[[ Data supplied open ]]
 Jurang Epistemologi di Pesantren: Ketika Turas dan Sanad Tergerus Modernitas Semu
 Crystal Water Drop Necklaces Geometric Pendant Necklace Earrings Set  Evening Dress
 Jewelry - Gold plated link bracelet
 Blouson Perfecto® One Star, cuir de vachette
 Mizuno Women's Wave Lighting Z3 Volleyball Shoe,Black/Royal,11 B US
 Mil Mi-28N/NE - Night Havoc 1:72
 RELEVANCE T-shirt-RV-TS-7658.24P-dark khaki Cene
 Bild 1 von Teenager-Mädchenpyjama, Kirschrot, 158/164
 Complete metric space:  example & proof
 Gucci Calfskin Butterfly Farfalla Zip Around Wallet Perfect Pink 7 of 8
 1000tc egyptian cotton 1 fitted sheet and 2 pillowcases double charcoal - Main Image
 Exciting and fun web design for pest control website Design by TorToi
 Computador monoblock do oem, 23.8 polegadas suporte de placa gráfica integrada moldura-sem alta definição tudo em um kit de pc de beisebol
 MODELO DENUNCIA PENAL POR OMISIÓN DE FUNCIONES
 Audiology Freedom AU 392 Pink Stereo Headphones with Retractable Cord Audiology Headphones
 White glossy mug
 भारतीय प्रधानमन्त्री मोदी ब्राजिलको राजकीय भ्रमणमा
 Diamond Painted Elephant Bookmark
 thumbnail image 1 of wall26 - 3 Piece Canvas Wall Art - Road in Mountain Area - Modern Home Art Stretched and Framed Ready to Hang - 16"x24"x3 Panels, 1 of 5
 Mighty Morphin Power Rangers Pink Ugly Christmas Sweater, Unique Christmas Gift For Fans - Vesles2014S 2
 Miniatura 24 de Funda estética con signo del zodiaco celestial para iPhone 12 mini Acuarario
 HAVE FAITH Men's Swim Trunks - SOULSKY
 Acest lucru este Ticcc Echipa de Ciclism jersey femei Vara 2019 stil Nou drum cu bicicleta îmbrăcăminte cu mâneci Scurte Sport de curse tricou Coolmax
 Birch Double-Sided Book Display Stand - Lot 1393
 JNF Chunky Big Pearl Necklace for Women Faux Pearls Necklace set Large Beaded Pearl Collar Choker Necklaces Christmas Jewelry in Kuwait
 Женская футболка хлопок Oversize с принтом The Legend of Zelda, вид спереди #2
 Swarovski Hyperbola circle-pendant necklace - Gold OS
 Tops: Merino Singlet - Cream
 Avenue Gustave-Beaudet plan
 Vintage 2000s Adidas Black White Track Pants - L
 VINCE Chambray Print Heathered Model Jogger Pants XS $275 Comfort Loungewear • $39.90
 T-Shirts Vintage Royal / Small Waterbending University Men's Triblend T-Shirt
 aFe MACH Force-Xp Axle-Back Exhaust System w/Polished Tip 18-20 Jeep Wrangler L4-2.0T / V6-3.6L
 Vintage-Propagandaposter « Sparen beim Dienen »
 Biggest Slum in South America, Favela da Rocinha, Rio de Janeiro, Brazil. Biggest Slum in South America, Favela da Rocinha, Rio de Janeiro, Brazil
[[ Data supplied closed ]]
Your instructions:
Above are some records; repeat all of them exactly.

Answer to the exercise:
 Jurang Epistemologi di Pesantren: Ketika Turas dan Sanad Tergerus Modernitas Semu
 Crystal Water Drop Necklaces Geometric Pendant Necklace Earrings Set  Evening Dress
 Jewelry - Gold plated link bracelet
 Blouson Perfecto® One Star, cuir de vachette
 Mizuno Women's Wave Lighting Z3 Volleyball Shoe,Black/Royal,11 B US
 Mil Mi-28N/NE - Night Havoc 1:72
 RELEVANCE T-shirt-RV-TS-7658.24P-dark khaki Cene
 Bild 1 von Teenager-Mädchenpyjama, Kirschrot, 158/164
 Complete metric space:  example & proof
 Gucci Calfskin Butterfly Farfalla Zip Around Wallet Perfect Pink 7 of 8
 1000tc egyptian cotton 1 fitted sheet and 2 pillowcases double charcoal - Main Image
 Exciting and fun web design for pest control website Design by TorToi
 Computador monoblock do oem, 23.8 polegadas suporte de placa gráfica integrada moldura-sem alta definição tudo em um kit de pc de beisebol
 MODELO DENUNCIA PENAL POR OMISIÓN DE FUNCIONES
 Audiology Freedom AU 392 Pink Stereo Headphones with Retractable Cord Audiology Headphones
 White glossy mug
 भारतीय प्रधानमन्त्री मोदी ब्राजिलको राजकीय भ्रमणमा
 Diamond Painted Elephant Bookmark
 thumbnail image 1 of wall26 - 3 Piece Canvas Wall Art - Road in Mountain Area - Modern Home Art Stretched and Framed Ready to Hang - 16"x24"x3 Panels, 1 of 5
 Mighty Morphin Power Rangers Pink Ugly Christmas Sweater, Unique Christmas Gift For Fans - Vesles2014S 2
 Miniatura 24 de Funda estética con signo del zodiaco celestial para iPhone 12 mini Acuarario
 HAVE FAITH Men's Swim Trunks - SOULSKY
 Acest lucru este Ticcc Echipa de Ciclism jersey femei Vara 2019 stil Nou drum cu bicicleta îmbrăcăminte cu mâneci Scurte Sport de curse tricou Coolmax
 Birch Double-Sided Book Display Stand - Lot 1393
 JNF Chunky Big Pearl Necklace for Women Faux Pearls Necklace set Large Beaded Pearl Collar Choker Necklaces Christmas Jewelry in Kuwait
 Женская футболка хлопок Oversize с принтом The Legend of Zelda, вид спереди #2
 Swarovski Hyperbola circle-pendant necklace - Gold OS
 Tops: Merino Singlet - Cream
 Avenue Gustave-Beaudet plan
 Vintage 2000s Adidas Black White Track Pants - L
 VINCE Chambray Print Heathered Model Jogger Pants XS $275 Comfort Loungewear • $39.90
 T-Shirts Vintage Royal / Small Waterbending University Men's Triblend T-Shirt
 aFe MACH Force-Xp Axle-Back Exhaust System w/Polished Tip 18-20 Jeep Wrangler L4-2.0T / V6-3.6L
 Vintage-Propagandaposter « Sparen beim Dienen »
 Biggest Slum in South America, Favela da Rocinha, Rio de Janeiro, Brazil. Biggest Slum in South America, Favela da Rocinha, Rio de Janeiro, Brazil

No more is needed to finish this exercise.